Accelerating Machine Learning with Training Data Management

Abstract: One of the key bottlenecks in building machine learning systems is creating and managing the massive training datasets that today‚Äôs models learn from. In this talk, I will describe my work on data management systems that let users specify training datasets in higher-level, faster, and more flexible ways, leading to applications that can be built in hours or days, rather than months or years.

I will start by describing Snorkel, an open-source system for programmatically labeling training data that has been deployed by major technology companies, academic labs, and government agencies. In Snorkel, rather than hand-labeling training data, users write labeling functions which label data using heuristic strategies such as pattern matching, distant supervision, and other models. These labeling functions can have noisy, conflicting, and correlated outputs, which Snorkel models and combines into clean training labels. We solve this novel data cleaning problem without any ground truth labels using a matrix-completion style approach, which we show has strong consistency guarantees, and demonstrate that Snorkel leads to impactful gains in applications ranging from knowledge base construction to medical imaging.

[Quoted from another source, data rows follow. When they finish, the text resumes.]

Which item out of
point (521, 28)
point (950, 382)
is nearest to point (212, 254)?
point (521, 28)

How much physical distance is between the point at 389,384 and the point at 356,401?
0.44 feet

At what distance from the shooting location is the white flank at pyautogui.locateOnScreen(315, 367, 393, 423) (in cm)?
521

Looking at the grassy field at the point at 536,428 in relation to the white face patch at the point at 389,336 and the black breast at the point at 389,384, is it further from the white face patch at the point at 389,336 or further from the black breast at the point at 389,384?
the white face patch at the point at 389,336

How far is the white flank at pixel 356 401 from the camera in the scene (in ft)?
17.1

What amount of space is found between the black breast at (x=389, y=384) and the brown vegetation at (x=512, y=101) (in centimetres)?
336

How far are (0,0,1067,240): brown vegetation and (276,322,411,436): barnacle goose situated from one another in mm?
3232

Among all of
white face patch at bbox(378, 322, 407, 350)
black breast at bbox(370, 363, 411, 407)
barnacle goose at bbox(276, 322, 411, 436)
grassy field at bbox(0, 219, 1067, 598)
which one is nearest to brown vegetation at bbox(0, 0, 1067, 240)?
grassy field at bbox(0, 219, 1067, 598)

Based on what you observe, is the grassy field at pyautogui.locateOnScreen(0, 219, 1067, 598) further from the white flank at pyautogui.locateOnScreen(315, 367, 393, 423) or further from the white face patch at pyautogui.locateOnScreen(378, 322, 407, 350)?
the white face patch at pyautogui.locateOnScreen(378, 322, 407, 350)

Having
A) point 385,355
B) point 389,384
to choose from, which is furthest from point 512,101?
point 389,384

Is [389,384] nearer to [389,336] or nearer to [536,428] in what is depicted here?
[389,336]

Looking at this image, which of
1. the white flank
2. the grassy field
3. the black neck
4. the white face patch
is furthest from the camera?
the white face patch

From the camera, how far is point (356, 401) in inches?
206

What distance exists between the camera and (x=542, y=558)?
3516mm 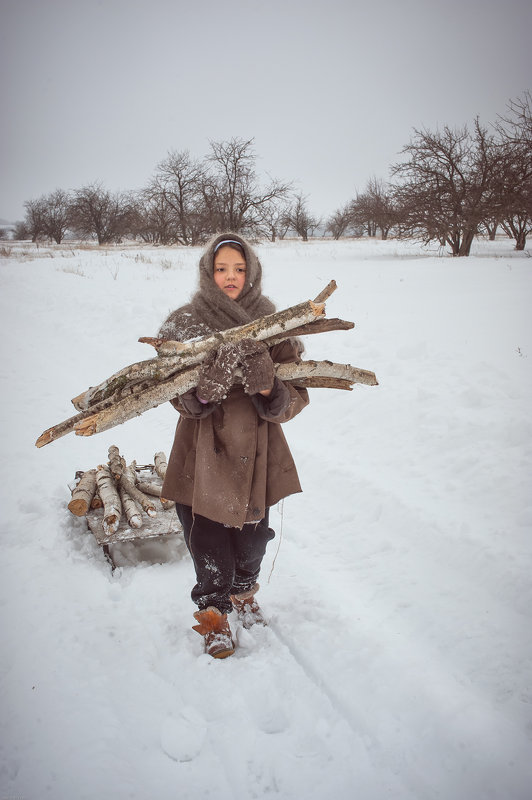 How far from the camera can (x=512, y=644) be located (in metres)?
2.28

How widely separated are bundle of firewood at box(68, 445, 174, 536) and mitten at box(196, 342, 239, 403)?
1602 millimetres

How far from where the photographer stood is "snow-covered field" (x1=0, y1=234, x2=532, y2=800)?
5.72ft

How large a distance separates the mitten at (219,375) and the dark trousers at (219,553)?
744 mm

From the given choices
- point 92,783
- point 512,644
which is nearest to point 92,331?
point 92,783

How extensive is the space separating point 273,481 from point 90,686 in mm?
1379

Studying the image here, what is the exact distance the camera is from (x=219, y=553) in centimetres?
212

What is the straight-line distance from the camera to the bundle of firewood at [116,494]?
9.61ft

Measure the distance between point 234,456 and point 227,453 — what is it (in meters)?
0.04

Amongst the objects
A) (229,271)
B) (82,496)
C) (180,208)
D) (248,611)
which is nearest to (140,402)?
(229,271)

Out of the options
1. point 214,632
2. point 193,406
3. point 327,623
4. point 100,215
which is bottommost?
point 327,623

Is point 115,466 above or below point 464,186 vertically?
below

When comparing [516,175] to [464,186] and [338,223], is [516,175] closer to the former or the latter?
[464,186]

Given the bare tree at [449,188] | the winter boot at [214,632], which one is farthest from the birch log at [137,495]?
the bare tree at [449,188]

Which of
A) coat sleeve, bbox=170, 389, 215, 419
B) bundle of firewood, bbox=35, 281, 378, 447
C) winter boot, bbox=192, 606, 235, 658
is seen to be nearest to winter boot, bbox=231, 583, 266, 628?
winter boot, bbox=192, 606, 235, 658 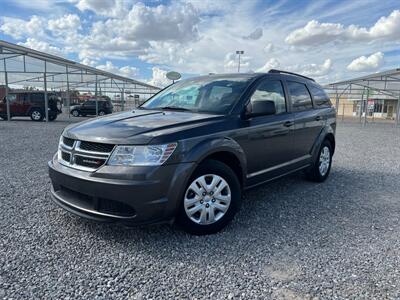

Next, I will give an overview of two other systems that accelerate training data creation and management: TANDA, a system for optimizing and managing data augmentation strategies, wherein a labeled dataset is artificially expanded by transforming data points; and MeTaL, a system for integrating training labels across multiple related tasks. I will conclude by outlining future research directions for further accelerating and democratizing machine learning workflows, such as higher-level interfaces and massively multi-task frameworks.

Bio: Alex Ratner is a Ph.D. candidate in computer science at Stanford, advised by Chris Re, where his research focuses on weak supervision: the idea of using higher-level, noisier input from domain experts to train complex state-of-the-art models where limited or no hand-labeled training data is available. He leads the development of the Snorkel framework (snorkel.stanford.edu) for weakly supervised ML, which has been applied to machine learning problems in domains like genomics, radiology, and political science. He is supported by a Stanford Bio-X SIGF fellowship.